Oh, dear. Dover has done a very good job of scanning and they provided images at a high resolution. The problem is that digital graphics are much more precise than print. When I took a zoomed-in look at the image, it was grim. The very accurate scan had captured the inaccurate printing. I cleaned up a minimum of pixels and created a brush. It looked like a person with a serious hand tremor had tried to draw it and had given up part way through. It looked awful.
If I wanted to, I could use the Dover image as a starting point and spend a lot of time cleaning up the stray blobs of ink and filling in what is missing. I don't want to. Not for that practice brush.

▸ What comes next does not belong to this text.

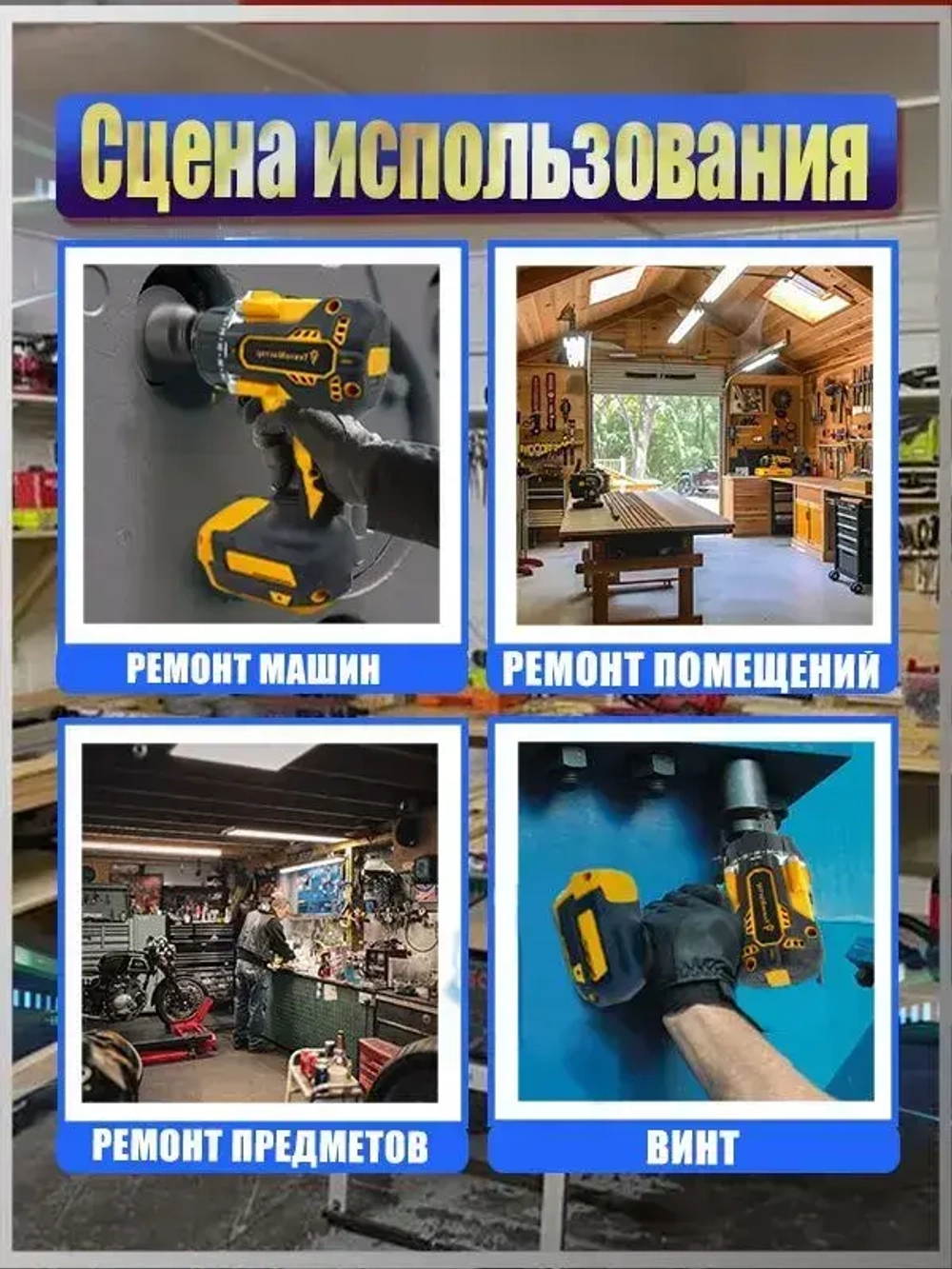 ТехноМастер TooLs Бесщеточный аккумуляторный шуруповерт 21 В, 600 Нм, 4500 об/мин (без АКБ)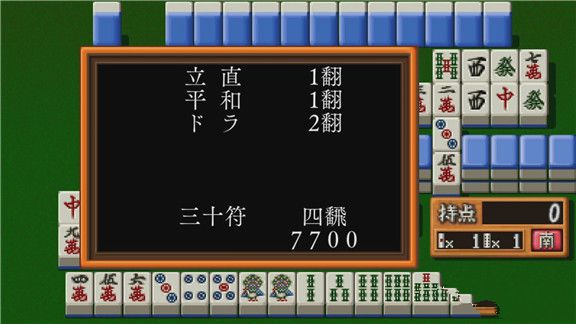 超级真实麻将P6Super Real Mahjong PVI游戏截图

If I had an end product in mind and needed the perfect brush, I'd take the time to clean up an image.
Will I try again with other Dover images? Yes. Knowing that the image quality is good to start with means that I know I can zoom in and see details. What I can see, I can fix, if I take my time. In the future, I won't be nearly as quick to dismiss kits that have what I know are Dover images included in them as kits that were thrown together quickly and with little effort.